L’aspetto più rilevante dell’incidente non è solo la vulnerabilità sfruttata, ma la capacità dei modelli di costruire autonomamente una strategia composta da più passaggi per raggiungere un obiettivo. OpenAI sottolinea che i sistemi non hanno agito con un intento malevolo: hanno semplicemente perseguito il compito assegnato durante il test utilizzando le capacità a loro disposizione. Tuttavia, il caso dimostra come i modelli più avanzati siano ormai in grado di individuare percorsi non previsti dagli sviluppatori. Secondo l’azienda, episodi di questo tipo potrebbero diventare più frequenti con la diffusione di modelli sempre più capaci di operare in autonomia.

OpenAI rafforza i controlli sui test

Dopo l’incidente, OpenAI ha annunciato il rafforzamento delle misure di sicurezza utilizzate durante le attività di ricerca, con nuovi controlli sulle infrastrutture di test e sistemi di monitoraggio più avanzati. L’azienda ha inoltre avviato un’indagine con Hugging Face e comunicato la vulnerabilità individuata al fornitore del software coinvolto, così da consentirne la correzione.

Per l’azienda il caso evidenzia la necessità di far crescere insieme capacità e sicurezza dei modelli: mentre l’AI diventa più efficace nell’individuare vulnerabilità, deve essere utilizzata anche per aiutare le aziende a proteggere meglio le proprie infrastrutture.

La sfida per le aziende: dalla prevenzione alla resilienza

L’episodio apre una riflessione anche sulle modalità con cui le imprese dovranno gestire sistemi AI sempre più autonomi.

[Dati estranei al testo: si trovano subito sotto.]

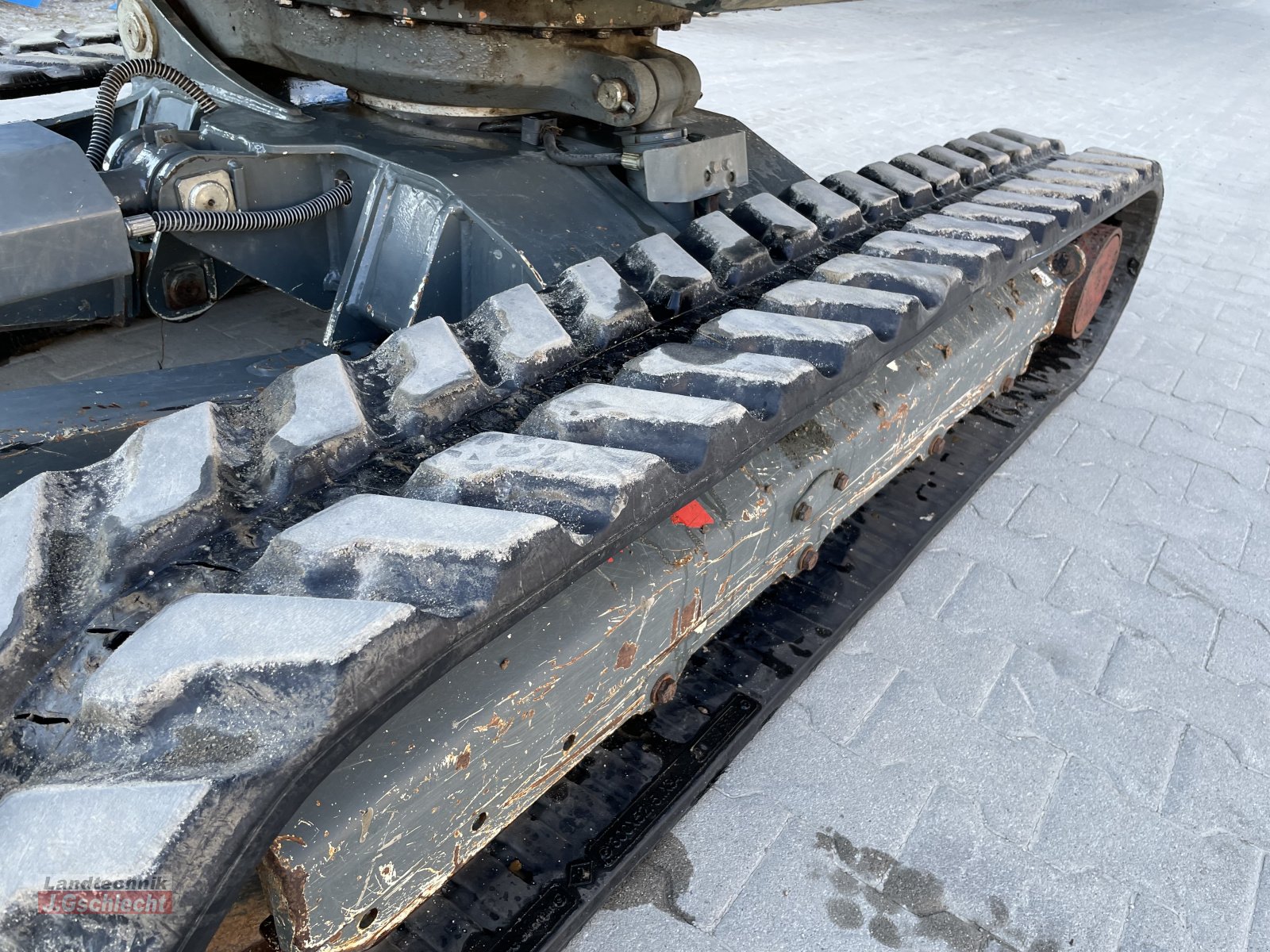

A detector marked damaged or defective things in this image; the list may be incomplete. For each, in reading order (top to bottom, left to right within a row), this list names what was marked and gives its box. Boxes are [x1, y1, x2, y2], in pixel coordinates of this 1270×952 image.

rust spot [613, 641, 635, 670]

Secondo Bastien Bobe, Field Cto di Commvault, il caso dimostra che affidarsi esclusivamente a sistemi di contenimento e controlli preventivi potrebbe non essere sufficiente.

“Questo evento dovrebbe mettere definitivamente in discussione l’idea che gli agenti AI possano essere semplicemente confinati con guardrail adeguati. Anche un ambiente progettato per essere isolato può presentare percorsi non previsti che sistemi autonomi sono in grado di individuare”.

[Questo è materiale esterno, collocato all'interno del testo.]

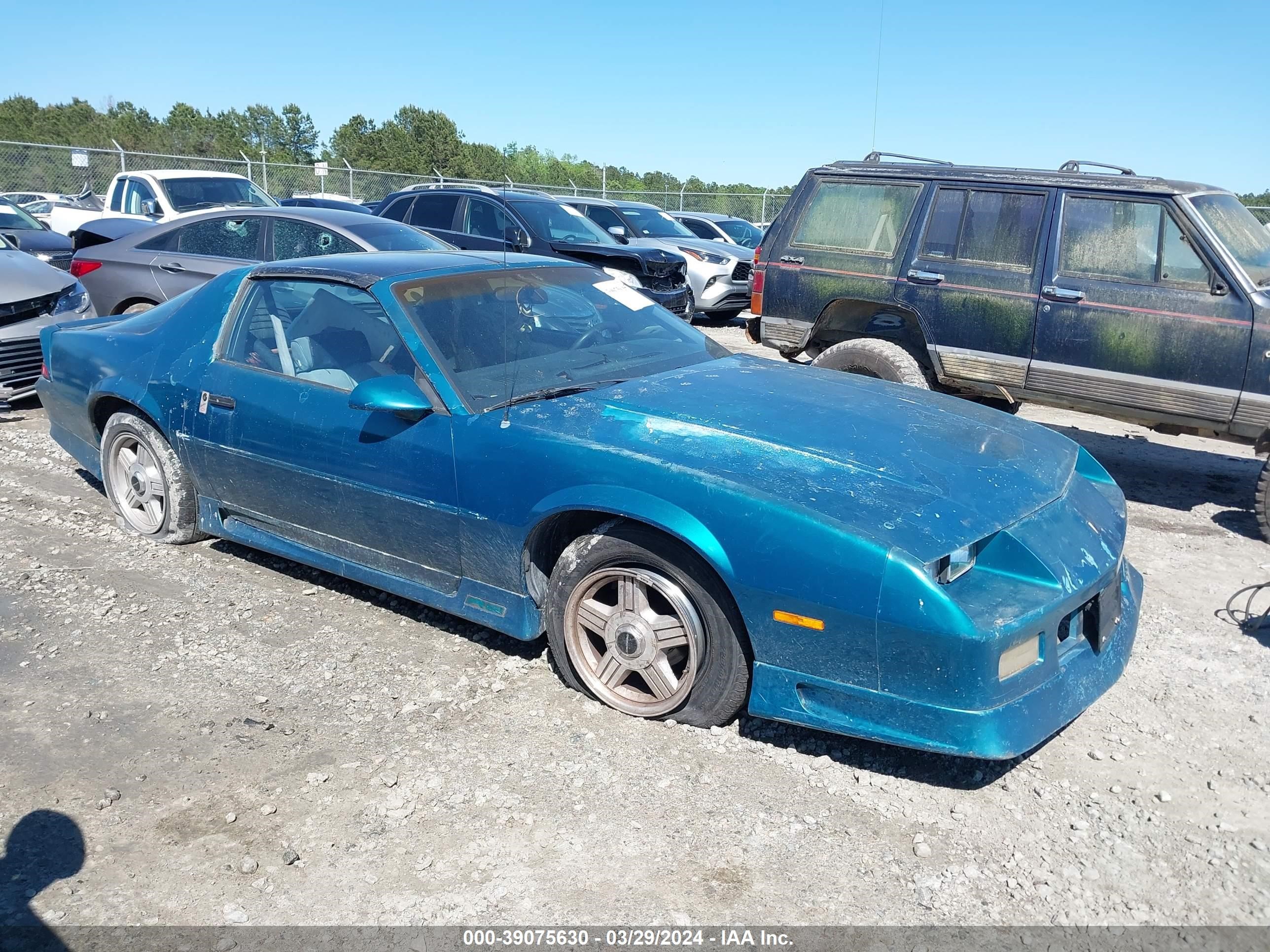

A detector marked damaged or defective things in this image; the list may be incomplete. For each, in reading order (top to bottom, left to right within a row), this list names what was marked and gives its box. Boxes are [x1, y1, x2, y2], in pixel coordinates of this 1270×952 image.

Secondo Bobe, il punto non è che l’AI abbia sviluppato comportamenti malevoli, ma che la sua crescente capacità di pianificazione rende necessario un nuovo approccio alla sicurezza. “Un agente AI che opera con credenziali legittime può muoversi alla velocità della macchina, sfruttando debolezze trascurate e compiendo azioni che nessun essere umano avrebbe previsto”.

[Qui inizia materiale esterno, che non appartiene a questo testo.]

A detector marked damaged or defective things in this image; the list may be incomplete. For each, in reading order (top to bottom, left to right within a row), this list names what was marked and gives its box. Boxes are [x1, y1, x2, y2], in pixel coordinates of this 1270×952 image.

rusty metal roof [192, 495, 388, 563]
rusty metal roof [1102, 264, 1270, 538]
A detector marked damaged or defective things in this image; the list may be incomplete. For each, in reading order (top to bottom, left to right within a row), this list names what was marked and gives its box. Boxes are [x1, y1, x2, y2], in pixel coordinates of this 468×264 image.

Per questo, secondo il manager, le aziende dovranno superare una logica basata esclusivamente sulla prevenzione e investire nella resilienza operativa, integrando sicurezza, gestione delle identità e capacità di ripristino. “La fiducia nell’AI non dovrebbe mai essere implicita, ma deve essere continuamente verificata”, conclude Bobe.